Ya escribo con algo más de fluidez. En mis largas caminatas, los recuerdos simplemente aparecen. La naturaleza, como un preciso instrumento quirúrgico, los extirpa y cauteriza. Después de comer, los paso al cuaderno en el patio. Esta tarde dos salamanquesas tomaban el sol cerca de un nido de avispas de papel. Permanecieron inmóviles más de dos horas. Sin embargo, una lagartija verde esmeralda, de rabo largo y casi negro, estuvo toda la tarde recorriendo el patio. Se adentró entre los troncos de leña y subió por la pared norte hasta la ventana del primer piso. Corrió detrás de un grillo diminuto oculto entre las ortigas. Trepó por el muro norte del patio. Cuando llegó a una altura de dos metros, casi al final del muro, la culebra de herradura asomó la cabeza entre las piedras para comérsela. Lo impedí con un movimiento del brazo, y en ese mismo momento me arrepentí. Interferir en lo que tiene que ocurrir no es tomar conciencia de lo que me rodea; es seguir cometiendo el mismo error de siempre.
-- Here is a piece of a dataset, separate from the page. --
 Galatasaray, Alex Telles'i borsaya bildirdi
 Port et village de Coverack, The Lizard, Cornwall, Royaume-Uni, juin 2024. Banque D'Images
Son las siete y media. El valle se hunde en la penumbra y el sol desaparece tras el acantilado oeste. Detrás de los pinos que lo coronan, brilla una tenue luz zanahoria. Como un opérculo, el horizonte se cierra dejando un denso color azabache. Ululan las lechuzas y el chotacabras brama y blasfema. Las estrellas se escurren y caen en la malla acuosa de la noche. El autillo grita y grita y grita. Es difícil seguirlo; como las cuentas de un collar roto, nunca sabes dónde caerán con estrépito sus notas. Me tumbo en la mesa y observo un avión que avanza en el mar bullente.

La zorra cruza la puerta abierta de Niadela, mira hacia dentro. No se ha dado cuenta de que estoy aquí tumbada. Enciendo la linterna. Se asusta y se aleja trotando hasta la ladera. Me siento en el banco con una carcasa de pollo. He comprado varias pensando que tal vez regresaría. Y aquí está. Descoyunto los huesos y se los lanzo allá donde los ojos iluminados parpadean.